Sustainability is in the spotlight in the cruise industry this week, with a number of upcoming new ships looking to incorporate environmentally conscious features.
Lindblad Expeditions just signed a deal for a new expedition cruise ship that will incorporate an X-Bow design, which the cruise line says will improve fuel efficiency and also increase guest comfort while navigating rough seas. The ship is scheduled for delivery in the first quarter of 2020, with an option for two additional ships to be delivered in subsequent years.
Carnival Corporation is in the midst of building a number of new cruise ships, and this week its Carnival Cruise Line brand inked an agreement with Shell to fuel its new vessels with liquefied natural gas (LNG), which is said to be a lower-carbon option than traditional cruise ship fuel.
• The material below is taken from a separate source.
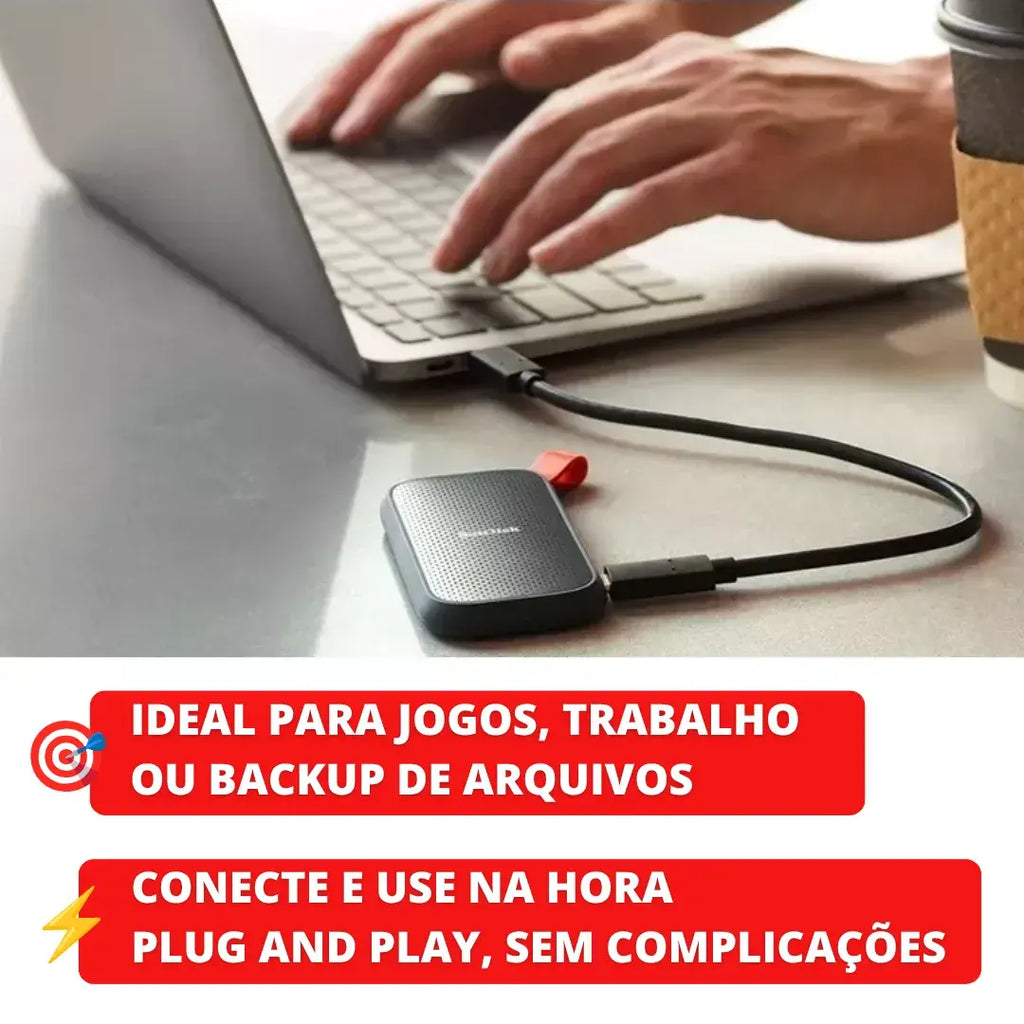 SSD Externo SanDisk Portable compacto e portátil para arquivos e backups
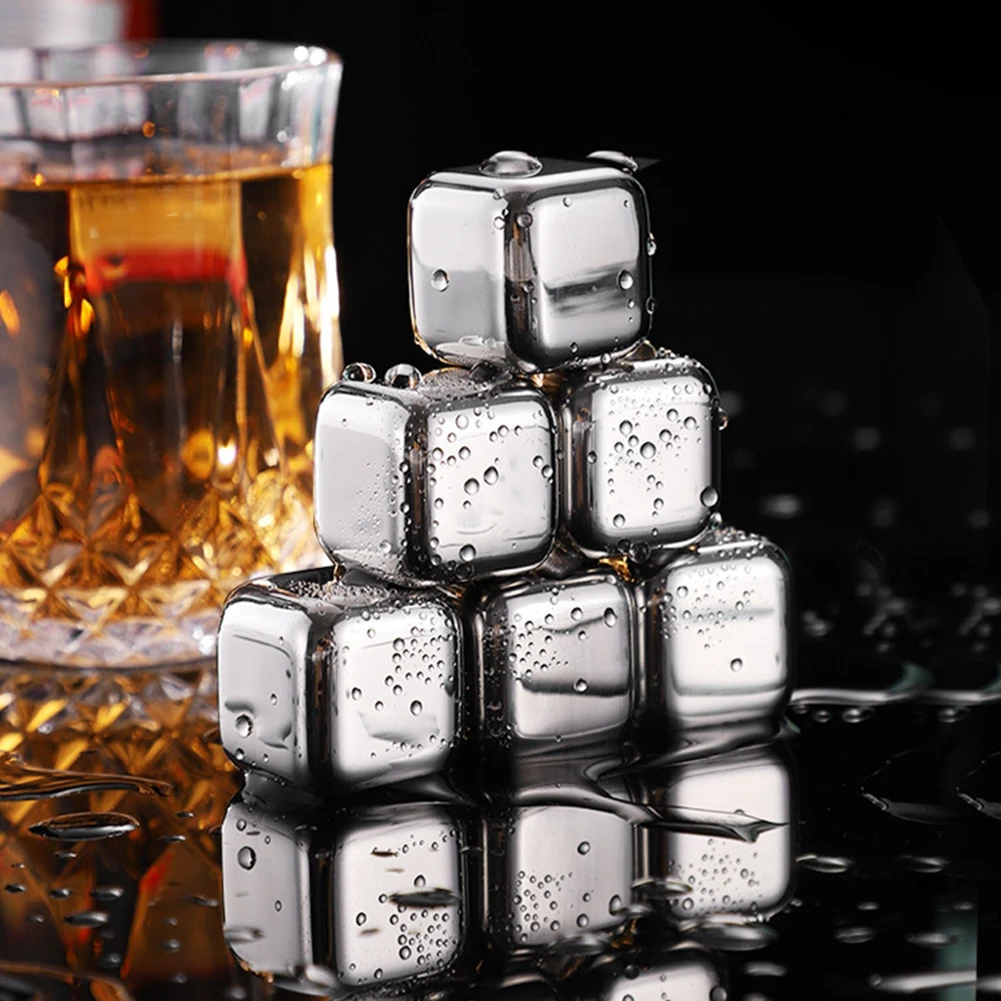 Stainless Steel Ice Cubes Reusable Chilling Stones For Whiskey Wine Wine Cooling Cube Chilling Rock Party Bar Tool 1Pcs whiskey stones whiskey ice cubes set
As part of the agreement, the two new ships will be fueled through Shell’s LNG Bunker Barge (LBB), which is part of Shell’s strategic plan to develop a global LNG bunkering network.
The two new Carnival Cruise Line vessels will be fully powered by LNG both while in port and at sea, which the cruise line said is an industry first and an environmental breakthrough that will improve air quality with cleaner emissions and produce the most efficient ships in company history. The new ships are expected to launch in 2020 and 2022.
Looking further ahead, at this week’s reveal event for Royal Caribbean Cruises, Ltd.’s Excalibur technology initiative, cruise line representatives told Travel Agent that they hope to one day power the company’s entire fleet with fuel cells. Fuel cells, which work by combining hydrogen and oxygen via a chemical catalyst to produce electricity, produce no carbon emissions at all; instead, the only byproducts are water vapor and heat. In fact, the reveal event was powered by a fuel cell that Royal Caribbean will now test on Oasis of the Seas.